Fitch Ratings has downgraded three classes and affirmed one class of Wilbraham CBO issued notes. Wilbraham is a collateralized debt obligation that is managed by Babson Capital Management and consists of high-yield bonds and loans. Exposure to bankrupt airlines contributed to the move. Wilbraham's portfolio has $7 million worth of unsecured exposure to Delta Air Lines and Northwest Airlines. This allocation makes up 4.6% of the overall portfolio of $151.7 million. In addition, Tenet Healthcare and Dana Corp. make up 5.2% of the portfolio and they are both under ratings watch negative by Fitch.
"The downgrade relates to Wilbraham's negative ratings exposure to corporate credits Delta, Northwest, Tenet, Dana and Collins & Aikman. It's not unlike several other deals in the same vintage, but it is more pronounced due to its cumulative exposure to these debts," said Marion Silverman, an analyst at Fitch.

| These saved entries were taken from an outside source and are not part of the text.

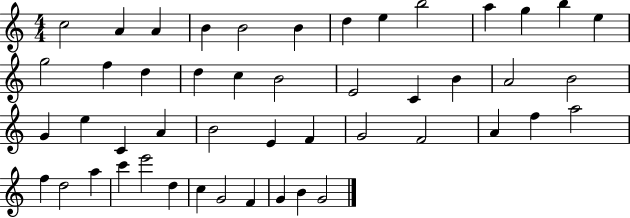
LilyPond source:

{
  \clef treble
  \numericTimeSignature
  \time 4/4
  \key c \major
  c''2 a'4 a'4 | b'4 b'2 b'4 | d''4 e''4 b''2 | a''4 g''4 b''4 e''4 | \break g''2 f''4 d''4 | d''4 c''4 b'2 | e'2 c'4 b'4 | a'2 b'2 | \break g'4 e''4 c'4 a'4 | b'2 e'4 f'4 | g'2 f'2 | a'4 f''4 a''2 | \break f''4 d''2 a''4 | c'''4 e'''2 d''4 | c''4 g'2 f'4 | g'4 b'4 g'2 | \break \bar "|."
} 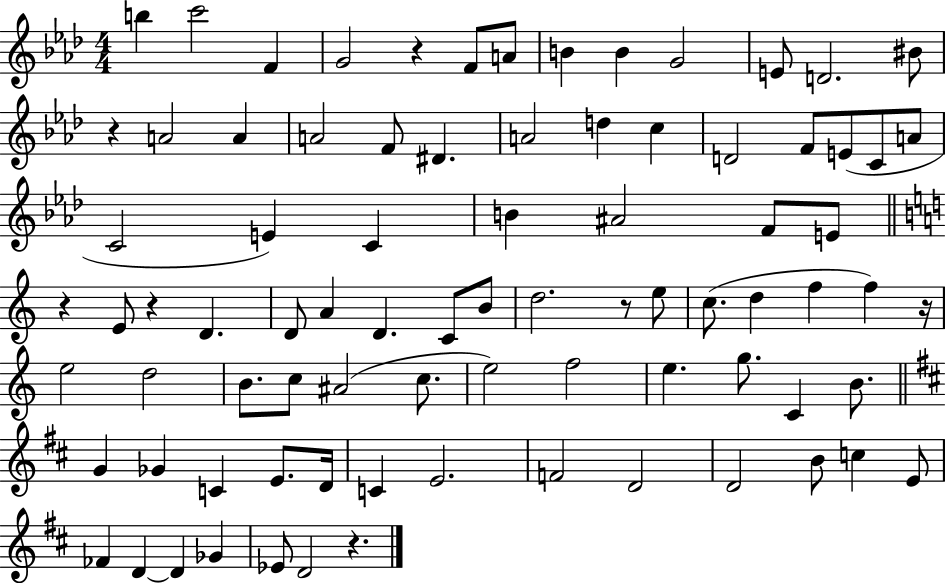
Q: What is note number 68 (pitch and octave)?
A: B4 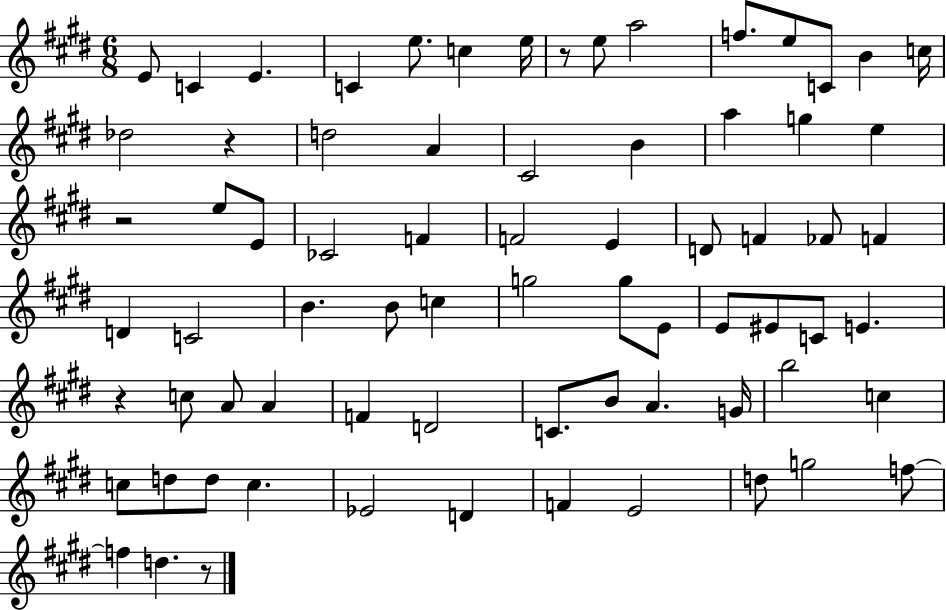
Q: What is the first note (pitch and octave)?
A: E4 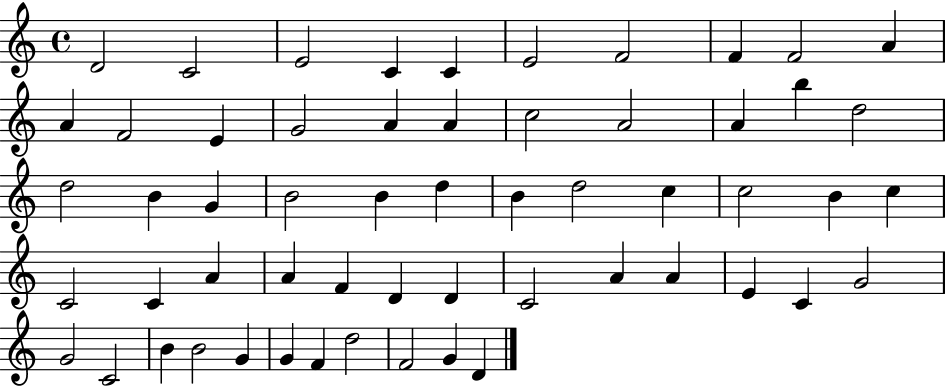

Around $106 million of class A-1 notes were affirmed by Fitch as AA while $19 million of class A-2 notes have been downgraded from BBB- to BB+. Almost $9 million of B-1 notes have been downgraded to C from CC and about $26 million of class B-2 notes have also been downgraded from CC to C. Just under $31 million of class C notes remained at their current rating of C.
The three downgraded ratings are the result of a continued deterioration of collateral that has been enhanced by the application of principle proceeds to pay interest to the class A-1 and A-2 notes. The class A-1 notes still have around 46.3% of the original balance outstanding. The class B and C notes are expected to continue to capitalize interest for the next several years. However, it remains unlikely that either of the notes will receive any new cash flow.